Est-ce que vous avez l’impression de vous mettre en danger ?
Je l’ai déjà fait quand je suis entré dans ce combat-là. Quand vous vous attaquez à un système, vous savez que vous entrez de plain-pied dedans. Vous savez ce qui vous attend. Donc le danger il est pour toi à ce moment-là. Même parmi les gens qui sont autour de vous, vous pouvez avoir des infiltrés aussi. C’est pour ça que je fonctionne en sécurisant au maximum. 

Comment vous pouvez savoir si les gens autour de vous sont fiables ?
Mon noyau est très minime. Ce sont des gens que je connais depuis une dizaine d’années. 

Le fait désormais d’être connu hors de l’île Maurice, est-ce que ça vous sécurise ?
J’aurai des coups bas. Moi je m’attends à n’importe quoi, mais en faisant le choix d’être dans ce combat-là, j’ai choisi aussi de voyager beaucoup moins souvent. Il m’arrivait de voyager entre dix à quinze fois par an. Mais ça va se faire moins souvent. Mon combat, maintenant, il se passe dans les rues de Maurice, avec le peuple mauricien.

Quel est le calendrier politique mauricien et est-ce que vous avez des ambitions ?
Logiquement le gouvernement est là pour quatre ans encore donc ce que nous essayons de faire… soit il y a une amélioration, soit nous allons essayer de faire que le gouvernement parte. Le but ce n’est pas vraiment d’aller jusque-là. Si le gouvernement se ressaisit, s’il met tout ce qui faut en place, il n’y aura pas de souci. Mais on ne peut pas continuer sur ce système, surtout quand on voit depuis 9 mois comment ça s’est passé depuis les élections et ce qu’on est en train de subir. C’est inacceptable, en termes de pression, d’incompétence et de dysfonctionnement institutionnel. 

Après Gaetan Duval et Paul Bérenger, on vous présente comme le leader créole, êtes-vous à l’aise avec cette étiquette ?
Je ne veux pas qu’on me taxe comme un leader créole ou d’une communauté. Je veux plus être un collaborateur de tous les Mauriciens. Je suis en train de me bagarrer pour que le Mauricianisme prône et sorte gagnant de cette situation. 

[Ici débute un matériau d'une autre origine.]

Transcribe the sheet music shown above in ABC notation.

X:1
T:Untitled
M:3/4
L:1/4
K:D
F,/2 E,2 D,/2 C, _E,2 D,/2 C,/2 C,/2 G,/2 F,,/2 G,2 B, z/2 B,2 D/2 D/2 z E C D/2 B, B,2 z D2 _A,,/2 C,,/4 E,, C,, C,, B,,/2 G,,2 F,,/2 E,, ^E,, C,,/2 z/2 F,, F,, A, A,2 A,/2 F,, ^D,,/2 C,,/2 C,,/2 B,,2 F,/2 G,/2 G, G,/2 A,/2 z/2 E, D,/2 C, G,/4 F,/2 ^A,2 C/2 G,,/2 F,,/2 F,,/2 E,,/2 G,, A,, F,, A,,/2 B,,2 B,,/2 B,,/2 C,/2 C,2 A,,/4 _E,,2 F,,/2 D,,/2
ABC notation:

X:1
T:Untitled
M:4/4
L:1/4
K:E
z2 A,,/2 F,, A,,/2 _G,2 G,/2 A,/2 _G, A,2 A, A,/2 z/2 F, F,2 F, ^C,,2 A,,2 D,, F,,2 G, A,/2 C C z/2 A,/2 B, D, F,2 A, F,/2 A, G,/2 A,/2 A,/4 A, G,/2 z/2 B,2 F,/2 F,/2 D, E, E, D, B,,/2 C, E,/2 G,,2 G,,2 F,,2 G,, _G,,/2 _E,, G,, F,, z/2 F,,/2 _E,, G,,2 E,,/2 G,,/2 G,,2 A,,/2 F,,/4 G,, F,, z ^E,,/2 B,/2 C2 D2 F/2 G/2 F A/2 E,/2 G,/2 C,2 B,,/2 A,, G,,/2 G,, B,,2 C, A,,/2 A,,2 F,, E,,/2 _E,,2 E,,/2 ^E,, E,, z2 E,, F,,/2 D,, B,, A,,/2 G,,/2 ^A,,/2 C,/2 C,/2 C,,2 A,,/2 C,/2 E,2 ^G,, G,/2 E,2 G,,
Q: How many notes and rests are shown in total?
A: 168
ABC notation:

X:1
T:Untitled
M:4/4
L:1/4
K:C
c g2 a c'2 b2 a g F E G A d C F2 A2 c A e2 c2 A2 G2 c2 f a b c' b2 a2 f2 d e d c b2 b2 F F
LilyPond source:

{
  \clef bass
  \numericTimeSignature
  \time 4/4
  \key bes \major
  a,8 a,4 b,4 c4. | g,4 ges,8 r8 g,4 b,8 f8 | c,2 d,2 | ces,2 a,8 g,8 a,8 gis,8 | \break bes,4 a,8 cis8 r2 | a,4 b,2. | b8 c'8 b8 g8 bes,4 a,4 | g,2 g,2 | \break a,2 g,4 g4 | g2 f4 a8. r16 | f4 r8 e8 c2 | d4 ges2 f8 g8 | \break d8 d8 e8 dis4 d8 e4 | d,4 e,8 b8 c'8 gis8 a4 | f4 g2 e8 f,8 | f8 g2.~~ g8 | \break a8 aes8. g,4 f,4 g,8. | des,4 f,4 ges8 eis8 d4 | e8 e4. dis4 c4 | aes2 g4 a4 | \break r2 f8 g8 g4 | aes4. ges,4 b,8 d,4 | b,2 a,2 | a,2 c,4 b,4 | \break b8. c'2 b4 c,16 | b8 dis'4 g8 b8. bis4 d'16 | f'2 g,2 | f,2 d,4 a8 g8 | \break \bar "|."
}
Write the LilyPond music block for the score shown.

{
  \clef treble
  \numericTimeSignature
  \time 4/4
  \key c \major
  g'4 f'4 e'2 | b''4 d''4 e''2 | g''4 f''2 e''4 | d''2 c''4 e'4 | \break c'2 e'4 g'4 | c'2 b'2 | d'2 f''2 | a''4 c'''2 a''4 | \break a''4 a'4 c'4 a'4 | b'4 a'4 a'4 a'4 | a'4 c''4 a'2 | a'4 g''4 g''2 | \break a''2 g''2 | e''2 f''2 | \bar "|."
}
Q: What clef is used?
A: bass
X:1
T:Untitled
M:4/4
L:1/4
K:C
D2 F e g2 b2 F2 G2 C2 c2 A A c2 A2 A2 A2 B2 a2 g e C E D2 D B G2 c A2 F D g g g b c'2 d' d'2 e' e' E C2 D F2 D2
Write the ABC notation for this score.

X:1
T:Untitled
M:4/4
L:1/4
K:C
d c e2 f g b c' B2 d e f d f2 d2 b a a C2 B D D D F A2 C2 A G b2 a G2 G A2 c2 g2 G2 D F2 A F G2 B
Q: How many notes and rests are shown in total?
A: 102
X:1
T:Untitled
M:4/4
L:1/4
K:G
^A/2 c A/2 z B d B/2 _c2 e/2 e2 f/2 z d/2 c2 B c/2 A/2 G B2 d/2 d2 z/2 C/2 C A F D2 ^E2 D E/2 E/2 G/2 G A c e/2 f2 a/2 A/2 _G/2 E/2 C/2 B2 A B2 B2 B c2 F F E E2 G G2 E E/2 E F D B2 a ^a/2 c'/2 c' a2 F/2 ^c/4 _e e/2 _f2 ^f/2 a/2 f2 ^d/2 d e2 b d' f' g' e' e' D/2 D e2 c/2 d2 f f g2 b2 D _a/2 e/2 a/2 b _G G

Concernant l’échouage du Wakashio, quelle est votre hypothèse la plus probable ?
C’est au gouvernement de nous expliquer, de nous donner la réponse exacte de ce qui s’est passé parce qu’il y a beaucoup de zones d’ombre à éclaircir. Il faut qu’on arrête de pervertir le cours de la justice en allant saborder les preuves. Logiquement c’est quelque chose qu’on n’aurait pas dû faire. On aurait dû l’envoyer dans une cale sèche pour y réaliser des examens d’ingénierie mécanique, voir vraiment ce qui a provoqué les fissures. Ça n’a pas été fait, on a voulu saborder la partie avant du Wakashio. Et est-ce qu’il y a eu une dépollution qui a été faite ? Est-ce qu’on a enlevé tous les éléments toxiques et nocifs pour l’environnement ?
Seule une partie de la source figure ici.